Deepmind presents “AlphaCode”: a code generation system with advanced machine learning applied to solving competitive programming problems


Computer programming has become a general-purpose problem-solving tool in our daily lives, industries, and research centers. Yet it has proven difficult to incorporate AI breakthroughs into systems development to make programming more efficient and accessible. Large-scale language models have recently shown remarkable ability to create code and perform simple programming tasks. However, these models perform poorly when tested on more difficult and unfamiliar problems that require problem-solving skills beyond translating instructions into code.

Creating code that performs a specified goal requires searching a large structured space of programs with a sparse reward signal. This is why competitive programming tasks require knowledge of algorithms and complicated natural language, which are still very difficult.
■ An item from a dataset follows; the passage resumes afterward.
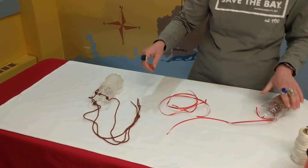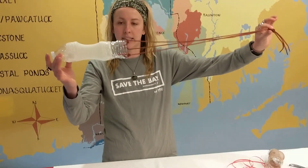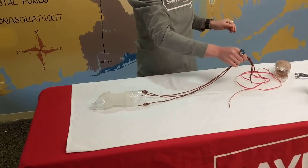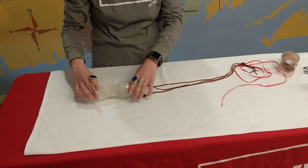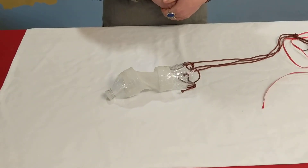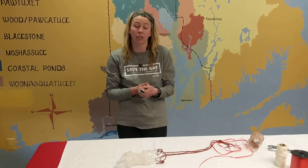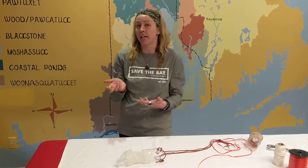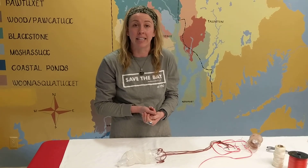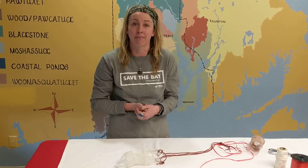I'll spare you the time of me tying everything and just show you the finished product. This is the plankton net that I made earlier. You can see that we have this tow line right here — that's what you would hold as you're pulling your plankton net through the water. All the water would go right in here, the water is released through the nylon, and the only thing that you have left in there is your plankton sample. So try this at home — see if you can catch any of those microscopic animals. If you check out our video that we posted earlier, there's actually a plankton guide linked in there, and you can go ahead and see if any of the plankton that you catch match the plankton that we commonly find in Narragansett Bay. Have fun!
Large transformer models can achieve low single-digit resolution rates in early work using program synthesis for competitive programming. However, they cannot reliably provide solutions to the vast majority of problems. Additionally, insufficient test cases in existing competitive programming datasets make metrics unreliable for measuring research progress.

To this end, the DeepMind team introduced AlphaCode, a system for writing competitive computer programs. AlphaCode generates unprecedented code using transformer-based language models, then intelligently filters out a small group of interesting programs. By tackling new challenges that involve a combination of critical thinking, logic, algorithms, code, and natural language interpretation, AlphaCode ranked in the top 54% of competitors in programming competitions .
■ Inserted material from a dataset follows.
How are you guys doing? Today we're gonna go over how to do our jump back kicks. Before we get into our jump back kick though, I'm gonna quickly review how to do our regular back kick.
All models used are pre-trained on open source code from GitHub which included code files from several popular languages: C++, C#, Go, Java, JavaScript, to name a few. Then they were refined on a CodeContests programming contest dataset. This data set brings together data from a variety of sources, breaks it down in time so that all training data predates all evaluation issues, includes additional tests generated to verify accuracy, and evaluates submissions in a competitive programming environment.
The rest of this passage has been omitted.